I’m testing performance of parameter recovery for different models, and using fairly large datasets (although I’m not sure what size of data is considered large in stan), and running out of memory/RAM when fitting.
More specifically, I am testing a 2 arm bandit model from the hBayesDM package. The model I’m using has a slight customization in that the “tau” parameter has a maximum of 20 instead of 5 as in the linked code.
I’ve simulated 1000 subjects using the same model, and each subject does 1000 bandit trials. Each subject has randomly generated values for the two parameters.
I’m doing this to get a decent coverage of the parameter space, as these kinds of models tend to have difficulties finding a good fit for some parameter ranges.
MCMC is infeasible for this dataset (50 subjects with 1000 trials is around 2h on my laptop), so I’m using the variational method.
The fitting process manages to complete, and I get to where the output says it’s drawing samples from the posterior and then it says “COMPLETE” for that process. This is when memory use increases enormously, resulting in a crash.
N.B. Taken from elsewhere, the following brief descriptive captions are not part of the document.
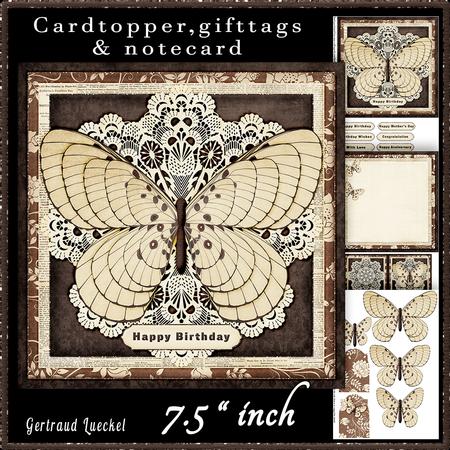 Cardtopper Large Butterfly Creme Brown 487
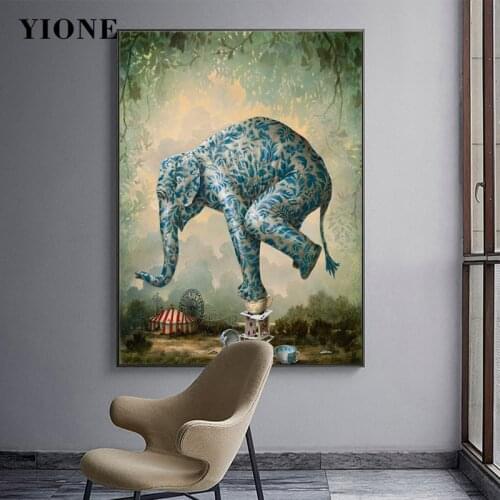 Blue Totem Acrobatics Elephant Art Poster Vintage Abstract Animal Canvas Picture Print Wall Decoration Painting for Living Room
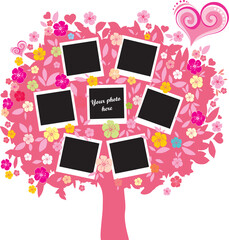 Family album. Floral tree with frames for your photos. Vector Illustration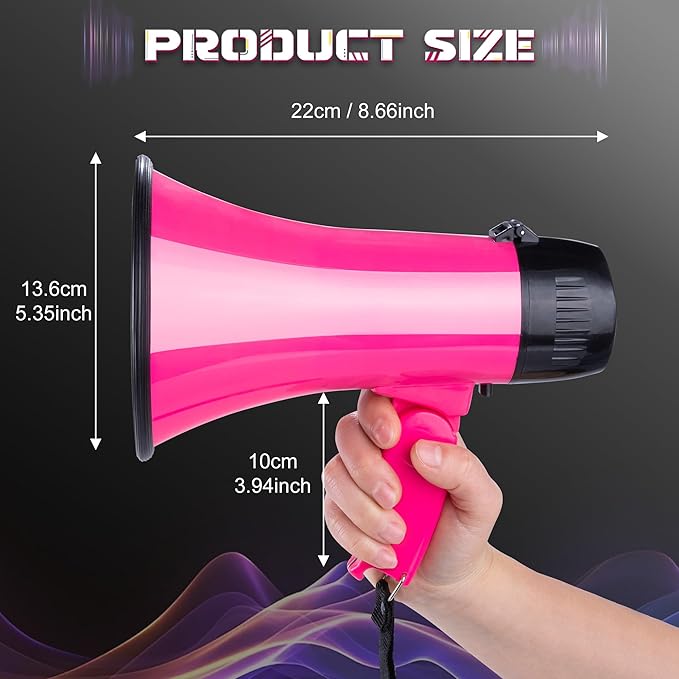 MyMealivos Portable Megaphone Bullhorn 20 Watt Power Megaphone Speaker Voice and Siren/Alarm Modes with Volume Control and Strap (Deeppink)…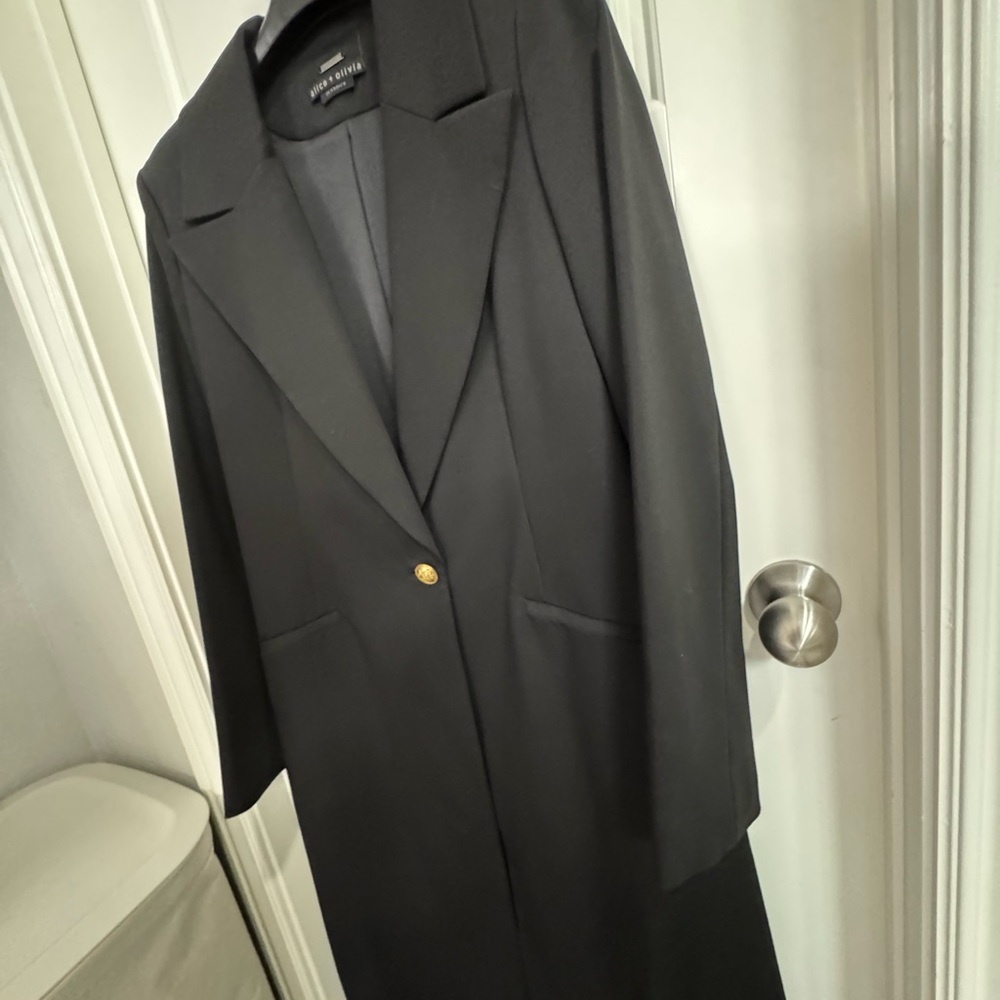 Alice + Olivia Black Long Blazer Coat with Gold Button - Picture 11 of 11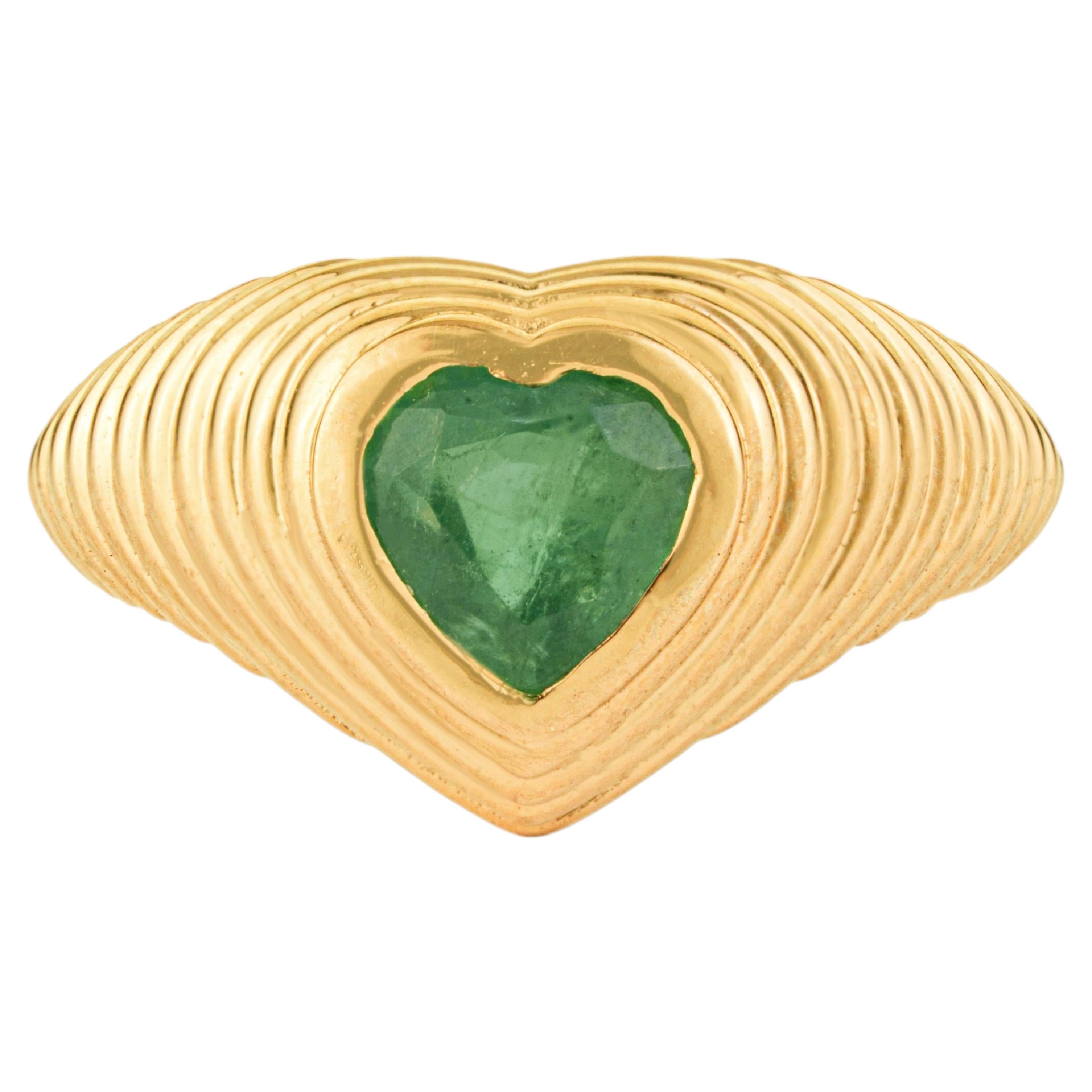Sculptural Heart-Cut Emerald Dome Ring in 14K Yellow Gold Fine Jewelry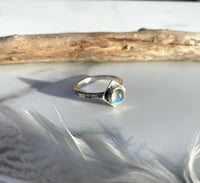 Image 4 of Handmade Sterling Silver Blue Labradorite Stamped Dainty Ring 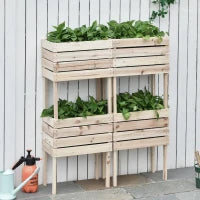Outsunny Letto per Orto Rialzato con 4 Vasi Portapiante da 50x30x60cm, in Legno Colore Naturale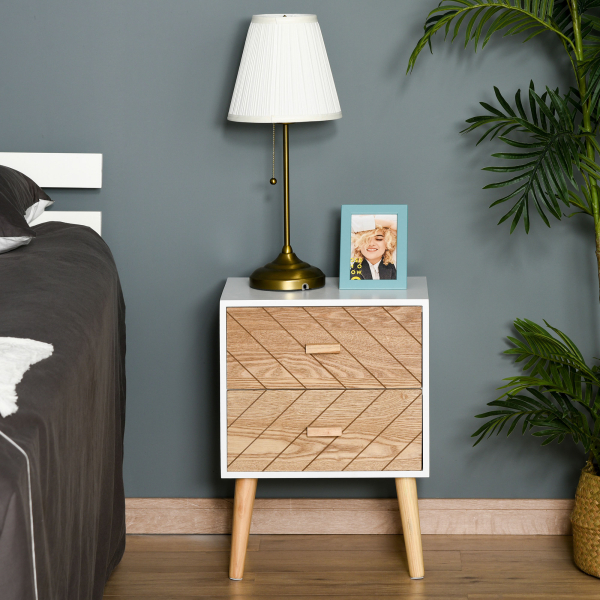 HOMCOM Mesa de Cabeceira com 2 Gavetas Espaço de Armazenamento para Dormitório 40x30x55,5 cm Branco e Madeira - Image 2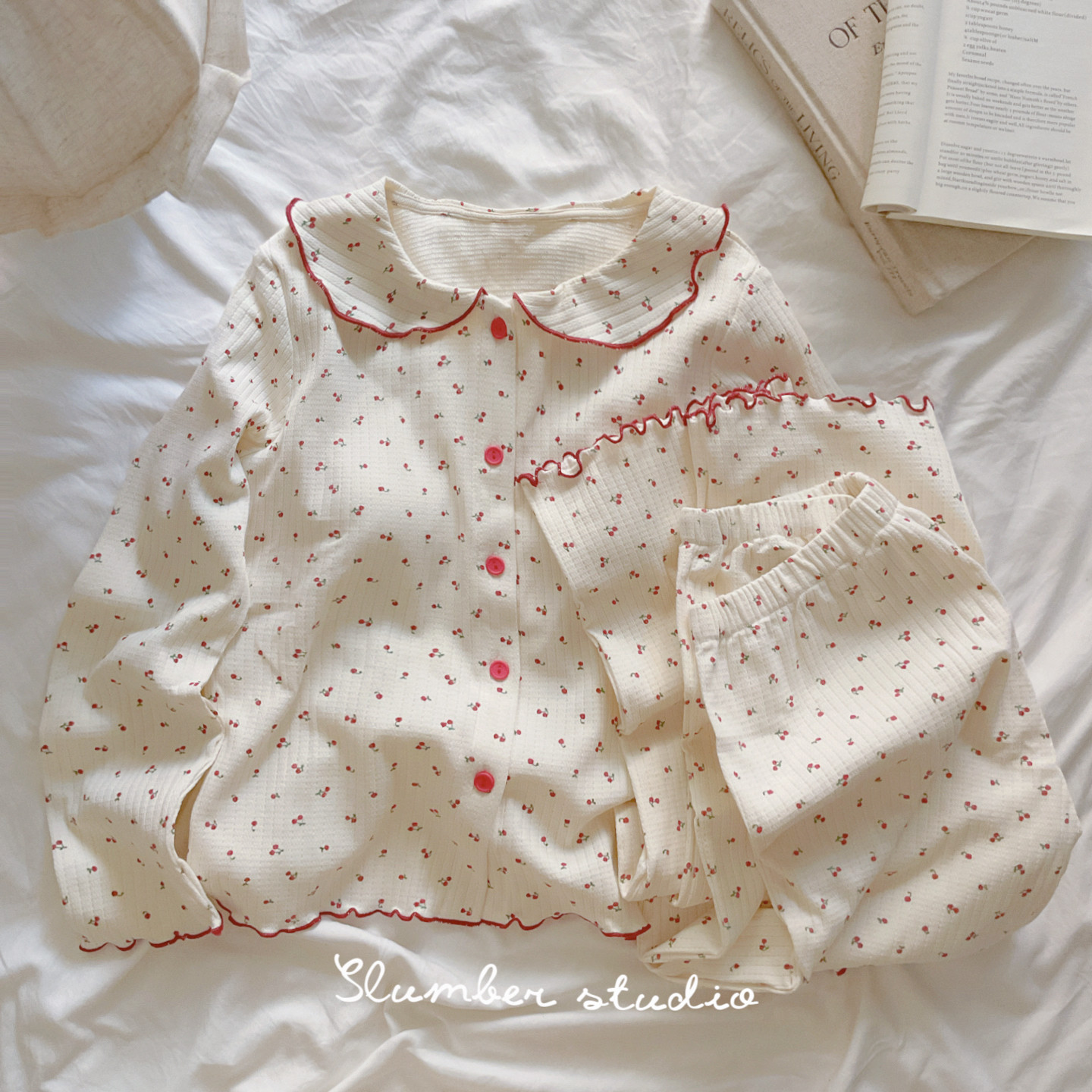 【Le Fraisier】带胸垫女睡衣法式贝甜娃娃领纯棉针织套装家居服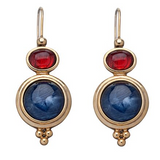 Vintage earrings with blue and red stones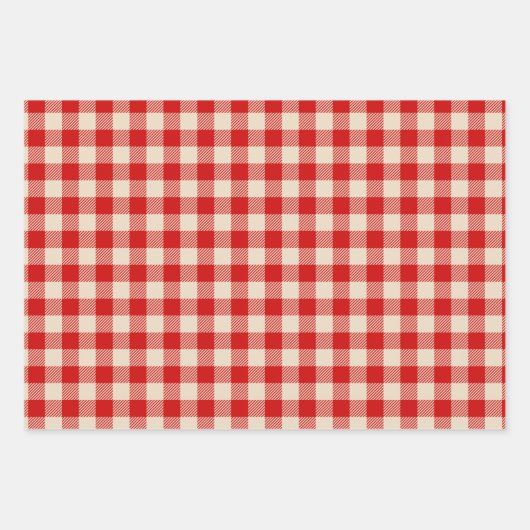 Rustic Country Chic Cream & Red Mixed Plaid Inpakpapier Vel (Voorkant 3)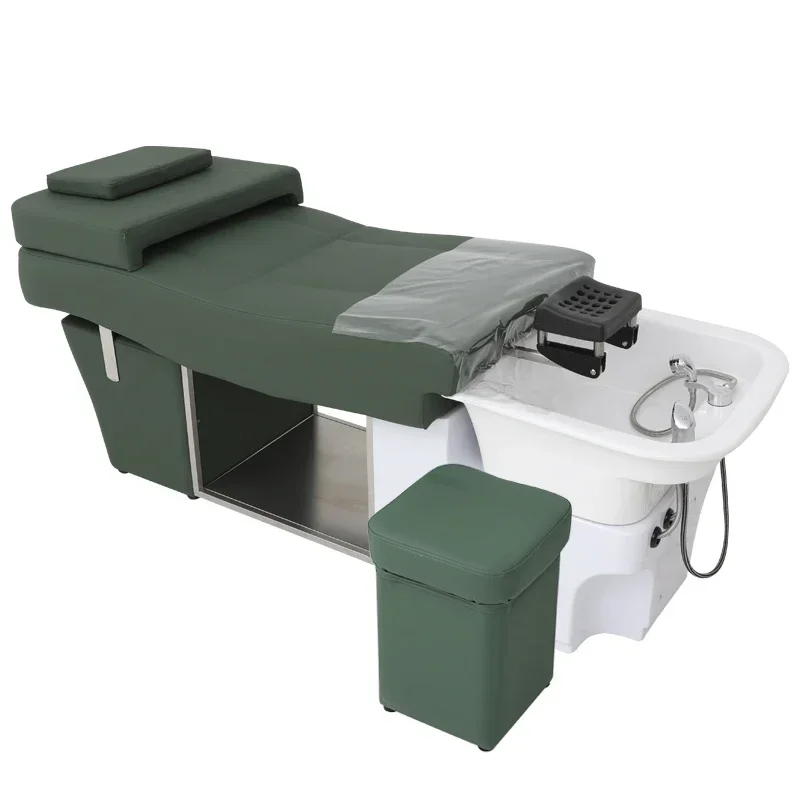 01Special ceramic basin flush bed for shampooing Stainless steel physiotherapy silicone pad Thai massage shampoo bed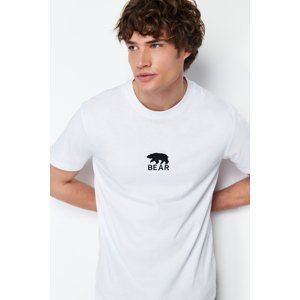Trendyol Men's White Regular/Regular Cut Bear/Animal Embroidery 100% Cotton Short Sleeve T-Shirt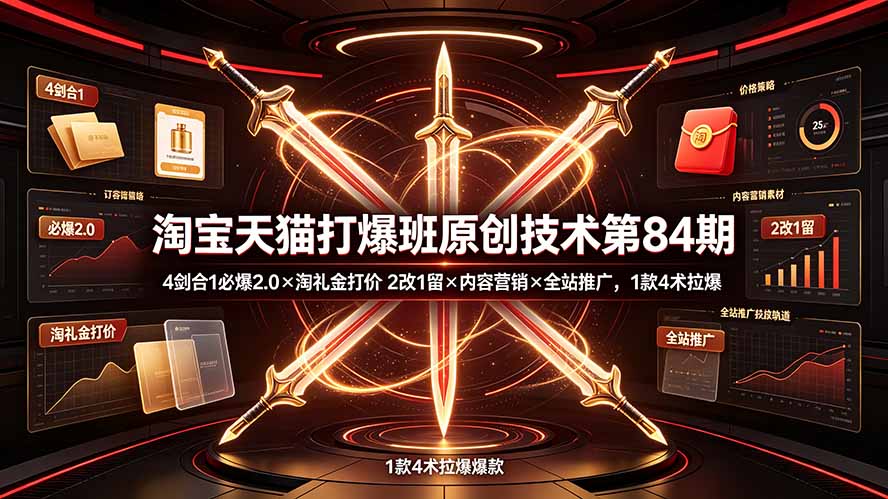 ：4剑合1必爆2.0×淘礼金打价×2改1留×内容营销×全站推广，1款4术拉爆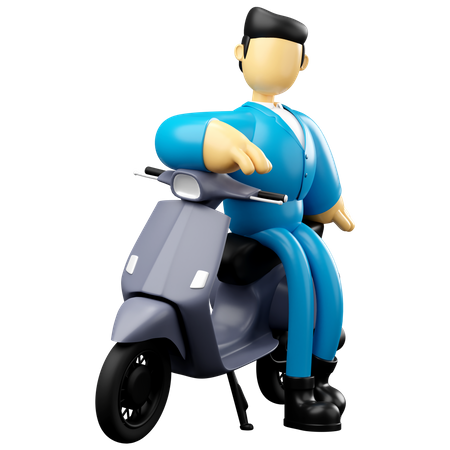Homme d'affaires posant sur un scooter gris  3D Illustration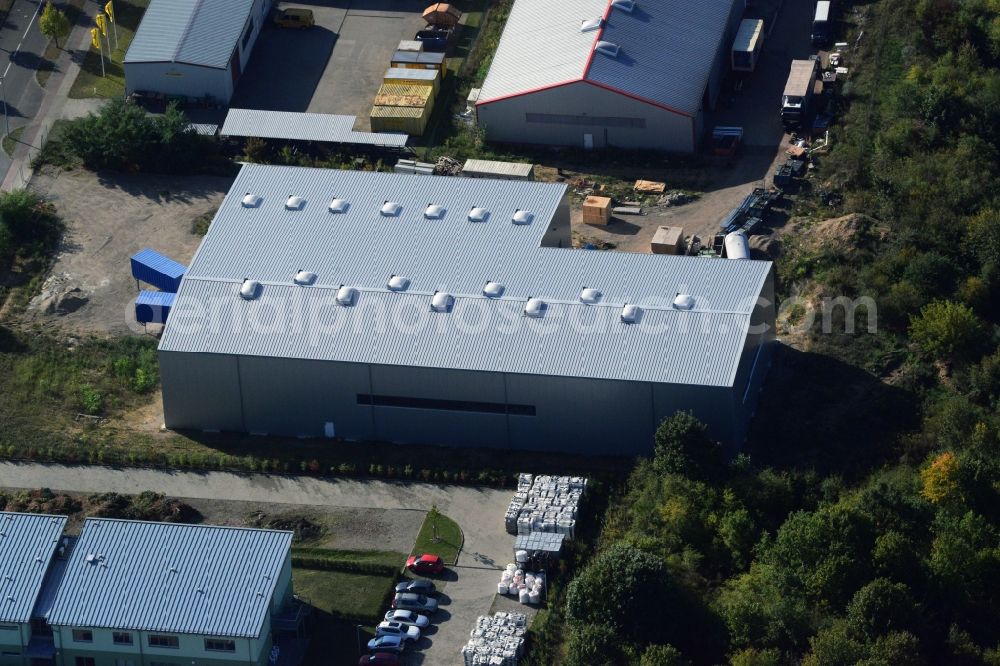 Aerial photograph Strausberg - Newly built warehouse in the industrial area on the street Am Biotop in Strausberg in Brandenburg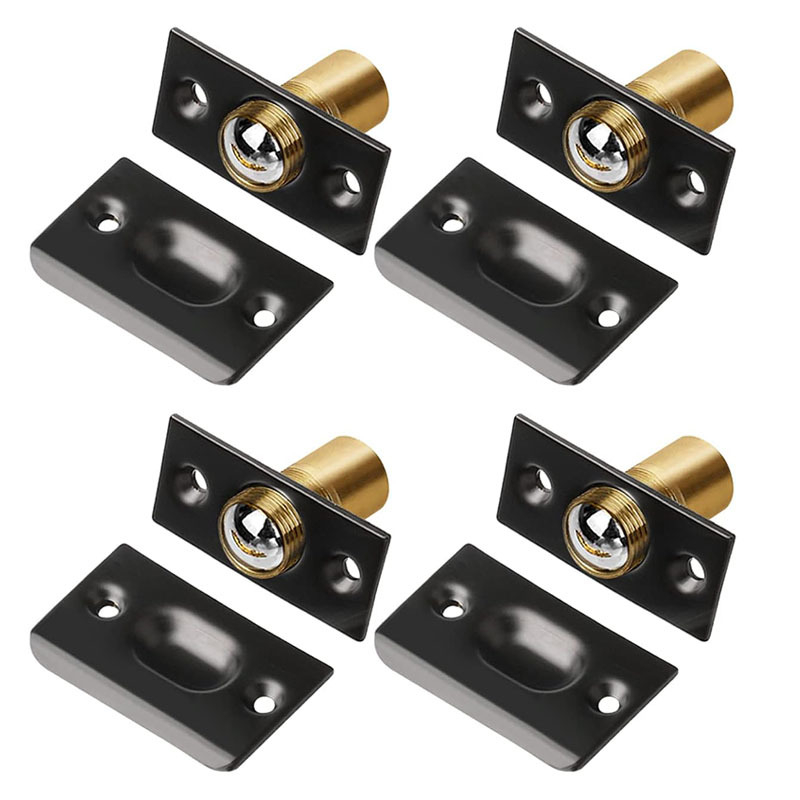 Meďový doraz na dvere s nastaviteľnou pružinou, zapustený typ pre montáž na dvere, leštený a elektrolytický povrch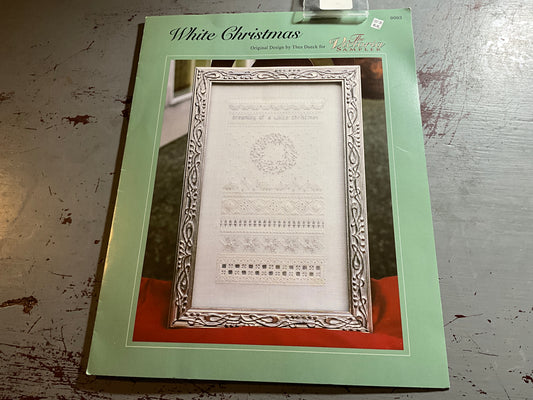 The Victoria Sampler White Christmas cross stitch chart with fabric and embellishment pack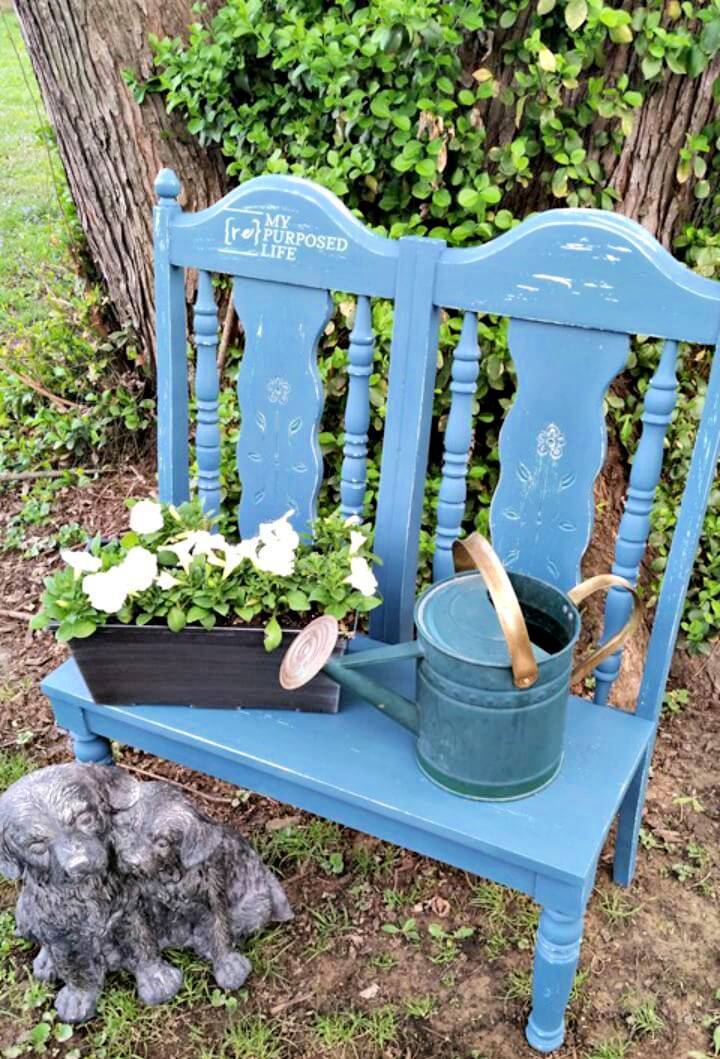 Garden Bench From Repurposed Chairs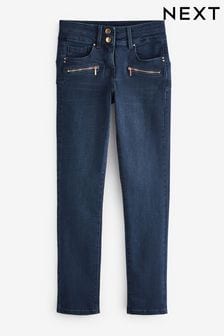 Reißverschlusstasche, Tintenblau - Figurformende Jeans (U36654) | 29 €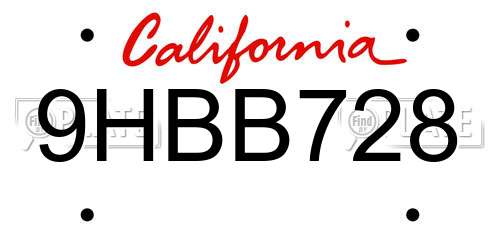9HBB728 California License Plate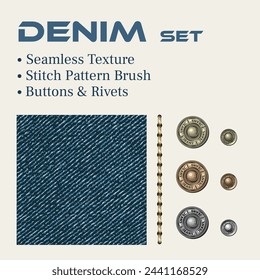 Set of design elements for denim style. Grunge blue jeans fabric seamless texture, stitch pattern brush, buttons, rivets. Vintage style.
I’ve tested the same data/model combination in regular rstan, and in cmdstanpy. Same thing happens, so it seems to be a general issue with stan and not an issue with the specific interfaces. I started in Windows, but have also tried in Linux on the same laptop, using a minimal install of Fedora without a desktop environment to maximise the available memory, but got the same issue there.
As the fitting itself looks like it completes, I guess it could have something to do with how stan collates all the data at the end?
For now, I’ve settled for 500 subjects, and that completes to the end, with RAM use maxing out just below my limit.
Am I doing something wrong? Are there any settings I could change that could alleviate the issue?